Fans live for this kind of close-quarters racing, which calls for split-second moves at top speed. Drivers jostle for position within a hurtling swarm, swerving into each other and then away (“trading paint”), nudging bumpers from behind to knock a car off course. It’s thrilling, due in no small part to the threat of a spectacular crash. And in fact, there was a spectacular but harmless crash. Late in the race, Tony Stewart’s car flipped upside down onto another driver’s roof before tumbling and spinning down the track. A few lucky cars sped right under Stewart as he floated through the air. Many others weren’t so lucky. Big excitement, no big injuries.

But the biggest excitement of the day lay in the fact that Dale Earnhardt, fan favorite, the sport’s largest personality, was in the thick of the hunt from the get-go. Earnhardt, known as “The Intimidator,” was NASCAR’s biggest star.

Sure, kids and casual fans root for clean-cut Jeff Gordon. But Earnhardt, the mustachioed good ol’ boy, was the one who threw his mean, black car around the track and looked to smack enemies out of his way. He was the true hero for die-hard NASCAR types—the ones that bring coolers of Bud to the track. Earnhardt was a riveting persona amid the Bible-clutching aw-shucks-ers that make up most of NASCAR’s driving corps. After one early run-in at Daytona yesterday, the vengeful Earnhardt even stuck his fist out his window, flipping a Mach 1 bird to the car beside him. Fox cameras caught the moment.

In this crucial kickoff to its new NASCAR contract, Fox couldn’t have asked for much better: a tight race, lots of dangerous action, and Earnhardt near the front. As the pack rounded the last lap, he sped along in third place. His son Dale Jr. held second.
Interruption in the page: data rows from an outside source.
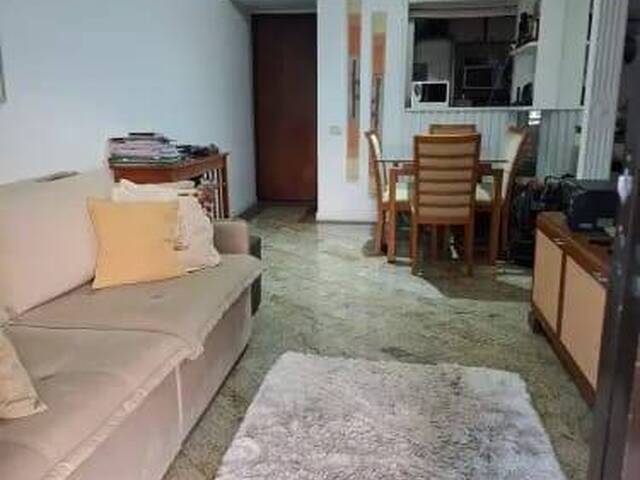 Venda em Barra da Tijuca - Rio de Janeiro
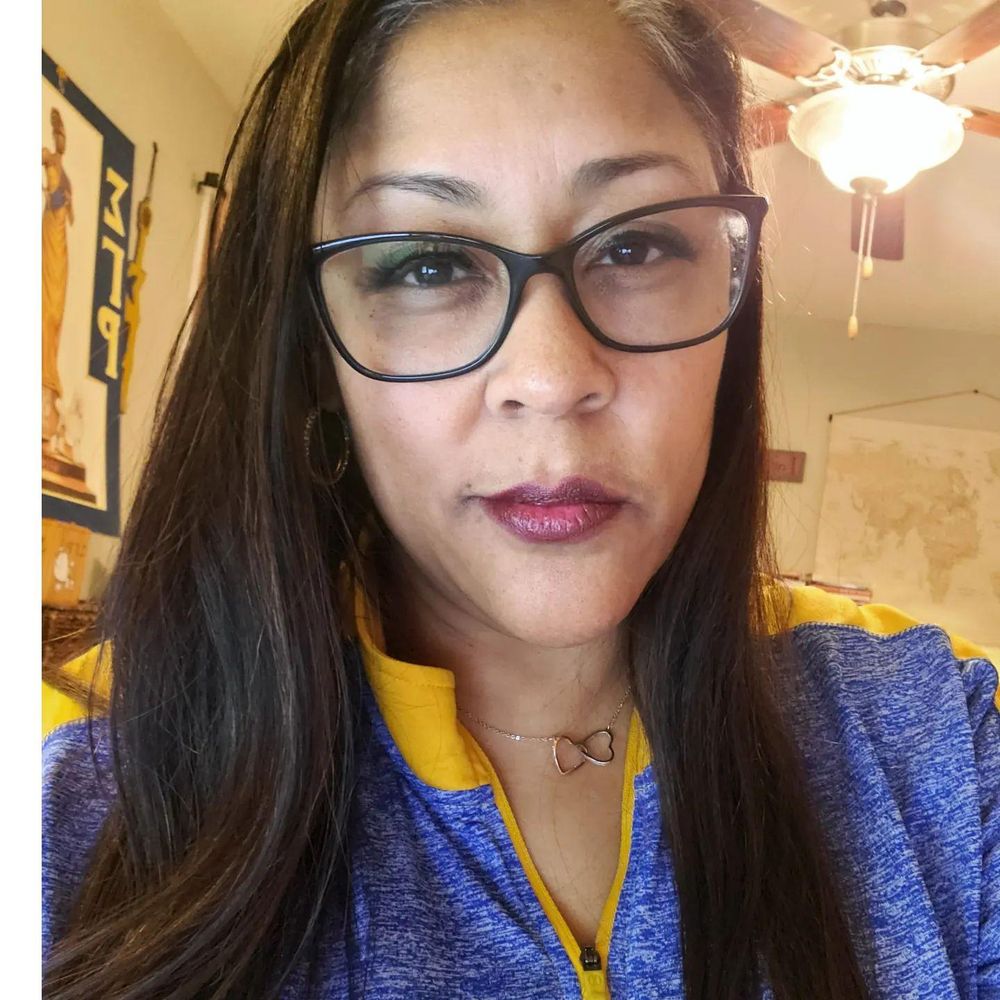 Dr. Kimberly Hardy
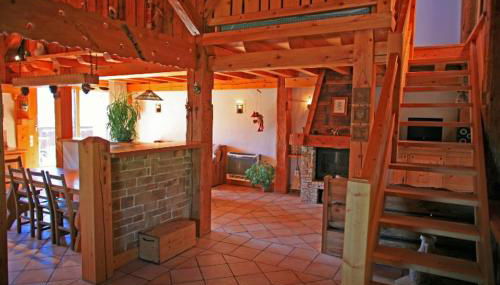 Chalet L' Irrawaddy - Foto 1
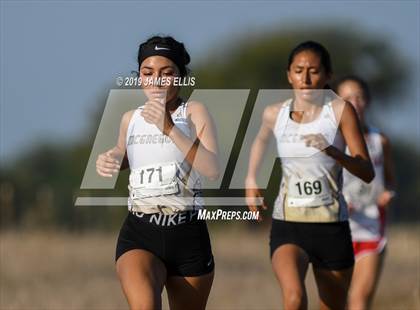 Thumbnail 3 in Crawford Cross Country Meet photogallery.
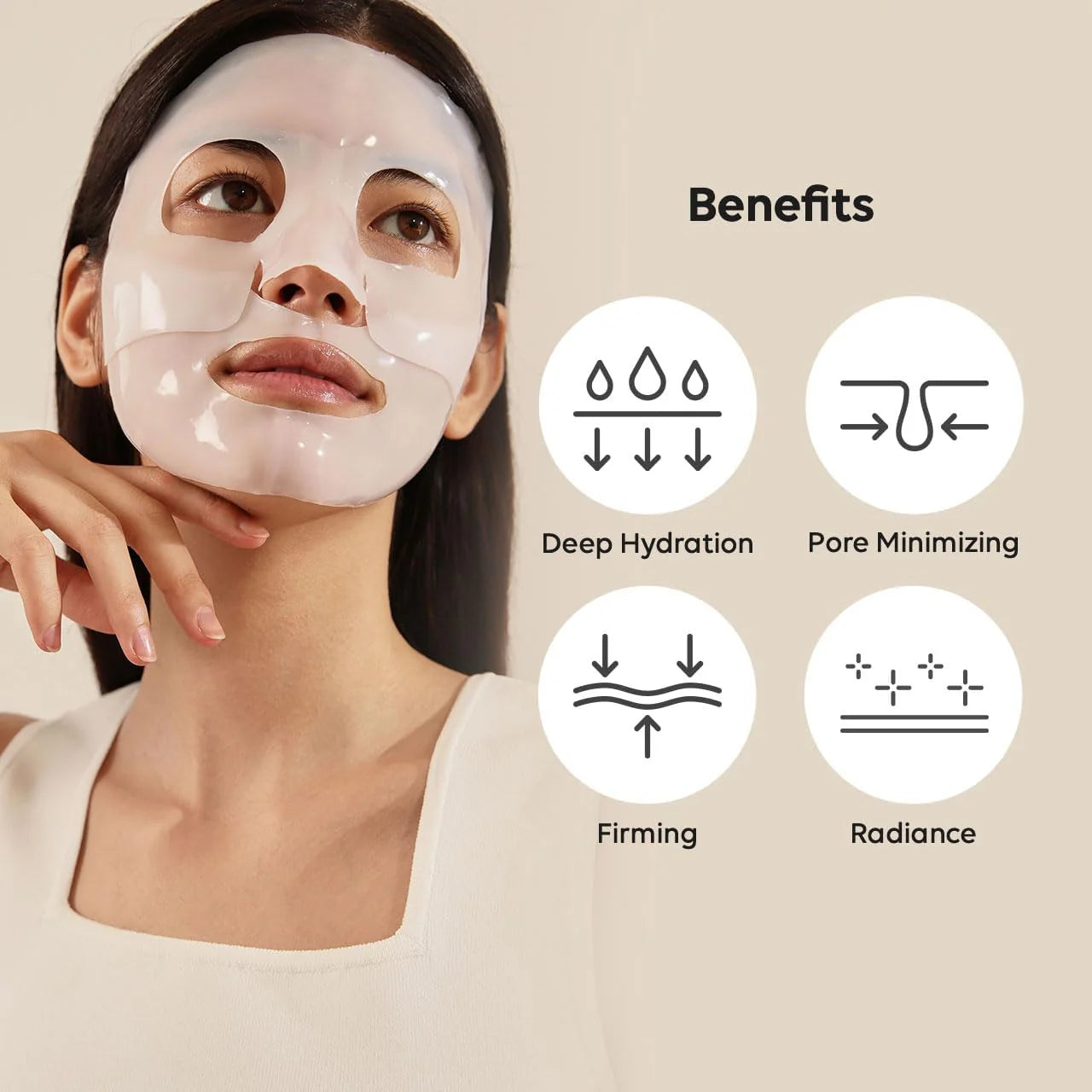 Biodance Bio Collagen Real Deep Mask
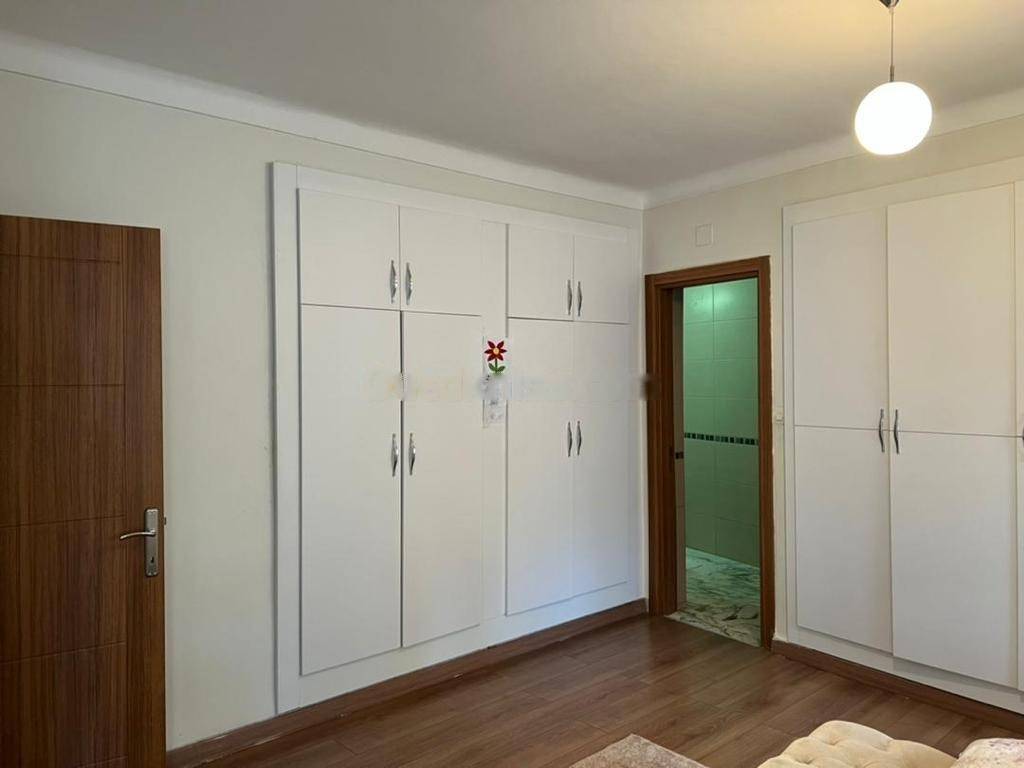 Location Appartement F5 Ben Aknoun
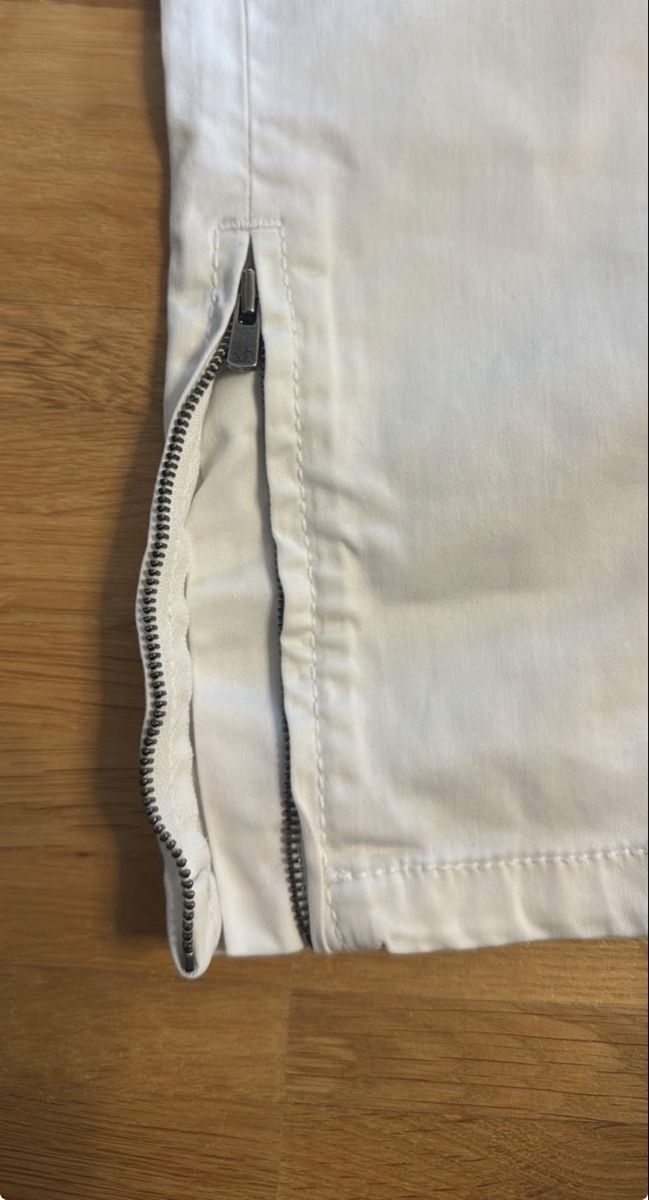 Jacob Cohën Pantaloni: Original Jacob Cohen Chino Gr. 28 – Usato da Affoltern am Albis venduto da lu08 1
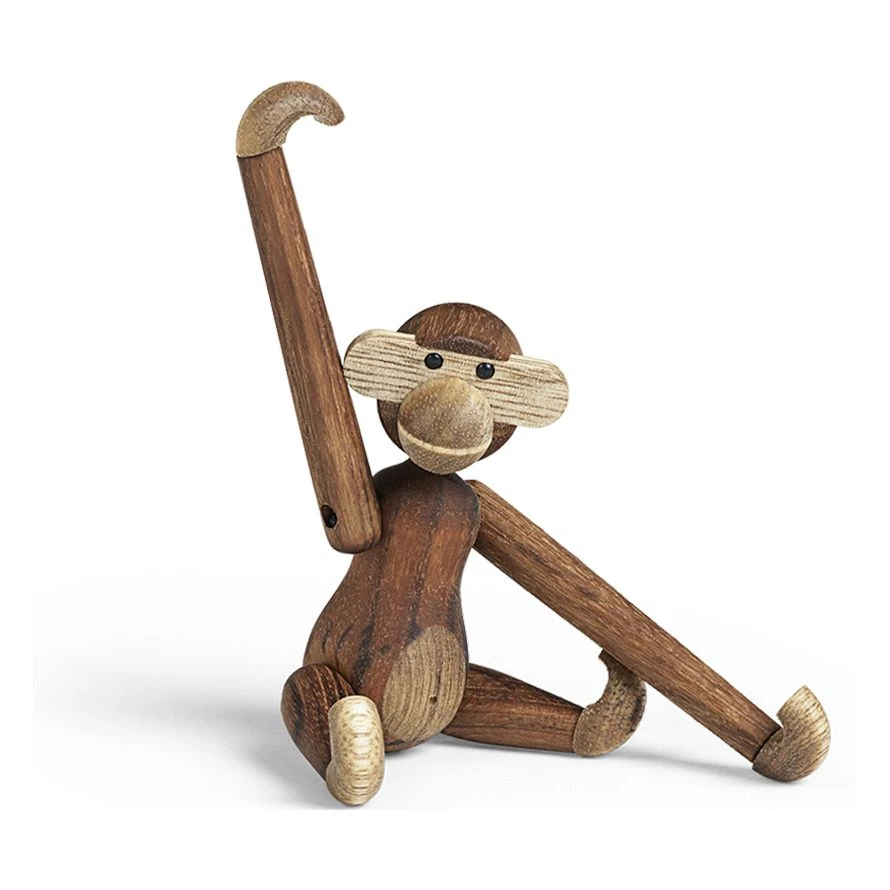 Kay Bojesen Monkey 17 Kay Bojesen Monkey - Image 17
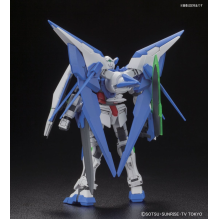 HGBF 1 / 144 GUNDAM AMAZING EXIA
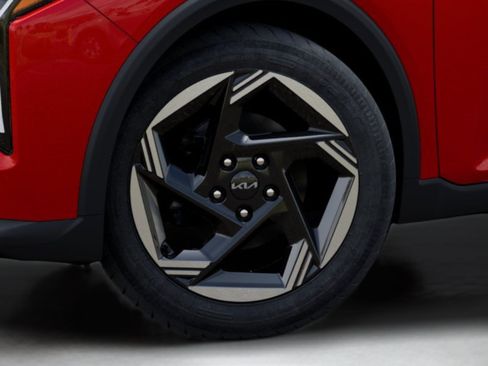 New 2026 Kia K4 EX FWD image 10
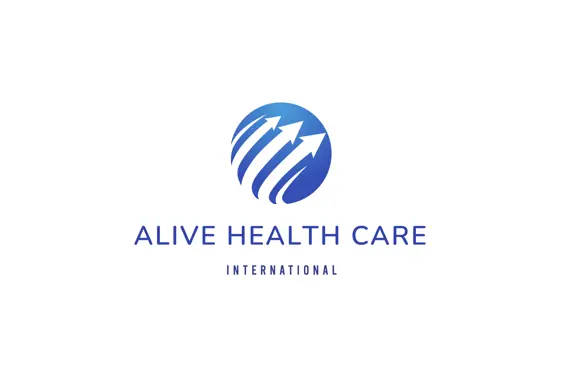 Alive Health Care Intl Ltd - outside view of care home
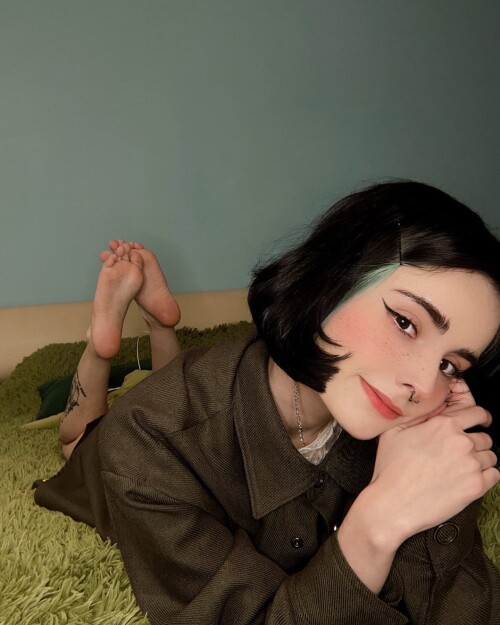 Loonassoftfeet Nude Leaked Onlyfans Photo Loonassoftfeet Nude Leaked Onlyfans Photo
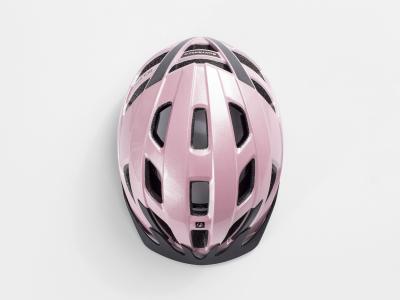 Bontrager Helm Bontrager Solstice MIPS M/L Blush Pink CE Produktbild 5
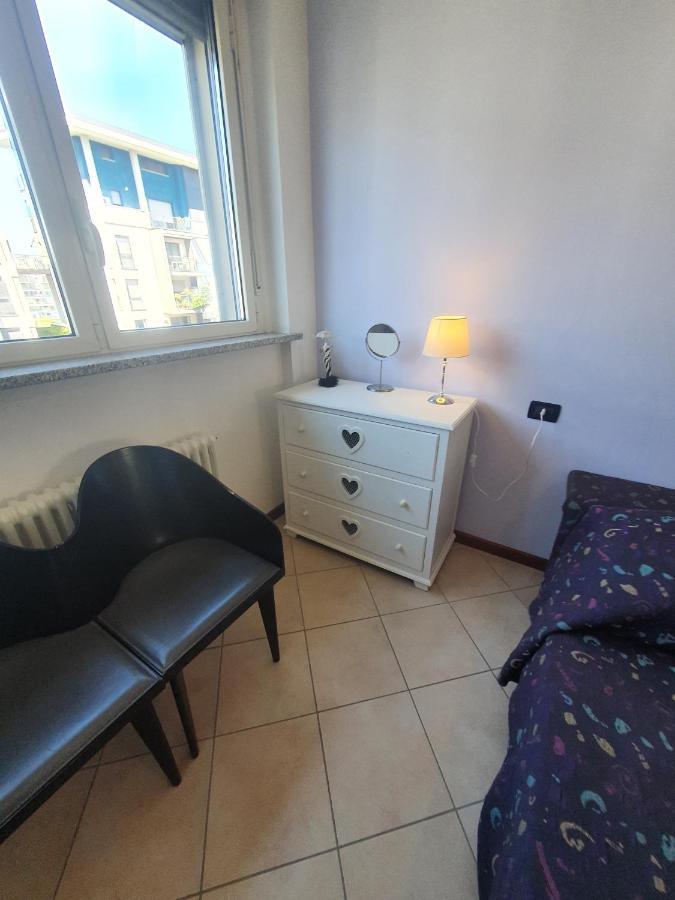 Futurismo 8 Appartement Milaan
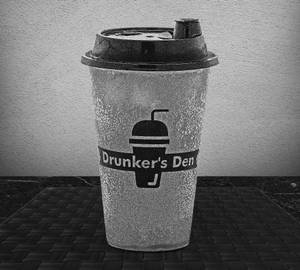 Jeera soda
And no-name Michael Waltrip—whose car Earnhardt owned and whose team Earnhardt ran—was, improbably, in the lead.

Up in the Fox booth, Michael Waltrip’s brother Darrell, now a commentator, couldn’t believe his baby brother’s good fortune. Waltrip had to choke back tears, cheering Michael on to the win. Fans chanted “DEI”—for Dale Earnhardt Inc., owner of the three lead cars. (Correction Feb. 20: Earnhardt owned Waltrip’s car and Dale Jr.’s car, but not the one he drove.) And there was “The Intimidator,” selflessly fending off challengers as his son and employee rolled on to the checkered flag. When Earnhardt rammed the wall, in the final corner of the final lap (nudged from behind by a car hoping to catch the two leaders), it looked like no big deal.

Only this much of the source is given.